As noted earlier, previous DL-based efforts to identify MMRd in CRC have largely focused on the use of H&E slide images, as these are inexpensive and routinely generated during diagnosis.17,18,23,43 DL methods using images from resection specimens17,18,23,27 and more recently biopsies29 have been proposed as “rule-out tests” to avoid the need for MMR IHC and pathologist review or MSI testing in predicted MMRp CRC.23 However, using the current state of the art, roughly half of cases still require further testing (IHC or MSI) and pathologist review.18,23,27,29 While AIMMeR requires MMR immunostaining of all tumors, this is inexpensive44 and routine in the UK and elsewhere in accordance with clinical guidelines.14,15,16 Detailed cost comparison of methods was beyond the scope of this study but is planned alongside future validation work.
While MMRd prognostic value in CRC6,7 and variation by sidedness42 has been demonstrated previously, our study strengthens the evidence this holds in patients treated with oxaliplatin.9,42,45 It is also the first study to show that MMRd tumors have similar outcomes whether treated with 3 or 6 months of such treatment, although our study was only powered to detect a large difference between these groups (see STAR Methods).
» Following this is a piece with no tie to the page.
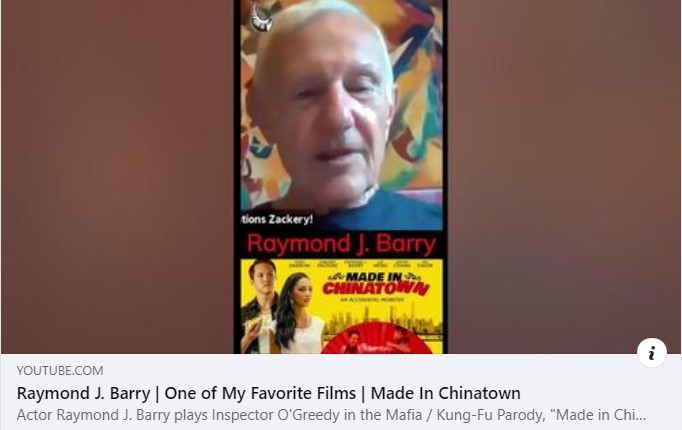 Raymond J. Barry’s Favorite Films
While the statistically significant interaction we found between MMRd and chemotherapy regimen (CAPOX vs. FOLFOX) is intriguing, this must be interpreted cautiously. Choice of chemotherapy regimen in the SCOT trial was not randomized but was rather at the discretion of the treating physician, and the similar recurrence rates between MMRp and MMRd patients treated with FOLFOX are discordant with previous results.45 Firm conclusions regarding the relationship between MMR status and duration and type of adjuvant chemotherapy in CRC await results of adequately powered pooled analyses of multiple studies.
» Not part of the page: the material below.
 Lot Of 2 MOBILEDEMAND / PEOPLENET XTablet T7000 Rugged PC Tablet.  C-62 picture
Strengths of our study include its large size, homogeneous patient cohorts of stage II/III CRC, high-quality curated demographic, pathological and outcome data, and multiple recruiting sites. The latter is especially relevant, as the performance of AI methods for clinical image analysis often varies between single centers, possibly owing to different protocols for sample fixation, processing, and other factors.46 Limitations of our study are discussed in the following.
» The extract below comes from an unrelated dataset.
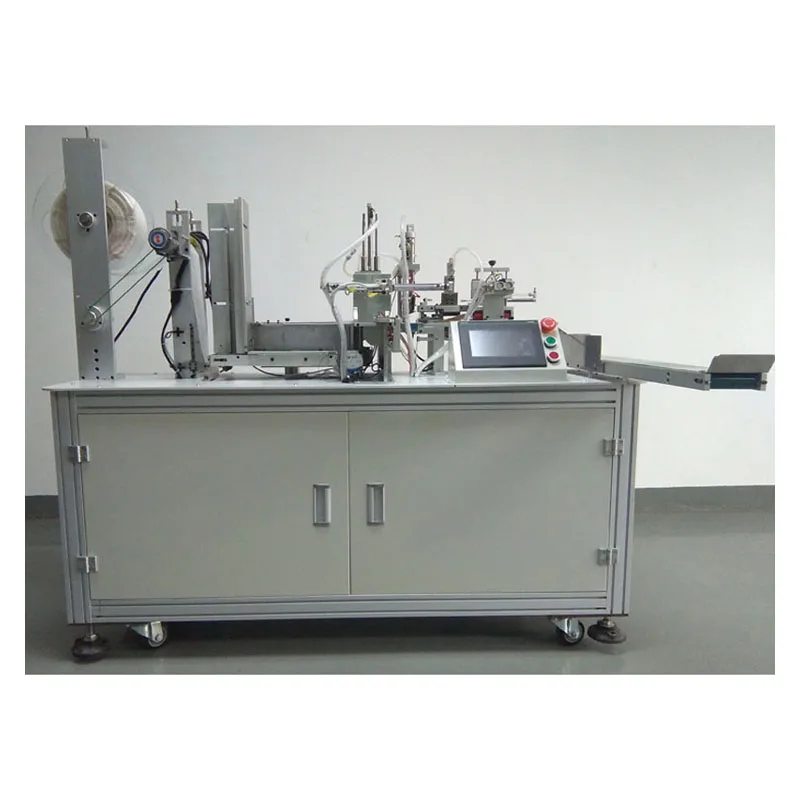 Plastic Bags Packaging Machines for Mobile Cell Phone Batteries Automatic Making Production in Factory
In conclusion, we developed AIMMeR—a single-cell method to identify MMRd in CRC with an AUROC of 0.98 in two independent CRC trial cohorts, enabling us to confirm MMRd prognostic and predictive value in oxaliplatin-treated patients in the SCOT study. Our study extends the potential applications of AI in CRC diagnostic pathology and holds promise for clinical implementation.
Limitations of the study
Our study has limitations. For logistical reasons, we used images from MMR immunostaining of TMA cores rather than whole slides, and it will be important to evaluate performance in these in future work. Similarly, while AIMMeR AUROC against pathologist ground truth varied only slightly depending on which TMA core was used, formal confirmation in diagnostic biopsies is planned as neoadjuvant approaches are becoming more widespread.12,13,47 Failed or weak immunostaining caused AIMMeR to misclassify cases, as it does expert pathologists, and improving pre-analytics is a focus of our current work. Extending the results we obtained from our homogeneous trial cohorts to non-trial populations will add value and is planned. Finally, the absence of germline or somatic MMR gene sequencing meant we were unable to determine the cause of single MMR protein loss in cases where this was found.
Consortia
The TransSCOT Trial Management Group includes the following (alphabetical order):
David Church, Enric Domingo, Joanne Edwards, Bengt Glimelius, Ismail Gogenur, Andrea Harkin, Jen Hay, Timothy Iveson, Emma Jaeger, Caroline Kelly, Rachel Kerr, Noori Maka, Hannah Morgan, Karin Oien, Clare Orange, Claire Palles, Campbell Roxburgh, Owen Sansom, Mark Saunders, and Ian Tomlinson. See Document S2 for consortium member affiliations.
Resource availability
Lead contact
Further information and requests for resources and reagents should be directed to and will be fulfilled by the lead contact, David Church (david.church@https-well-ox-ac-uk-443.webvpn.ynu.edu.cn).
Materials availability
This study did not generate new unique reagents.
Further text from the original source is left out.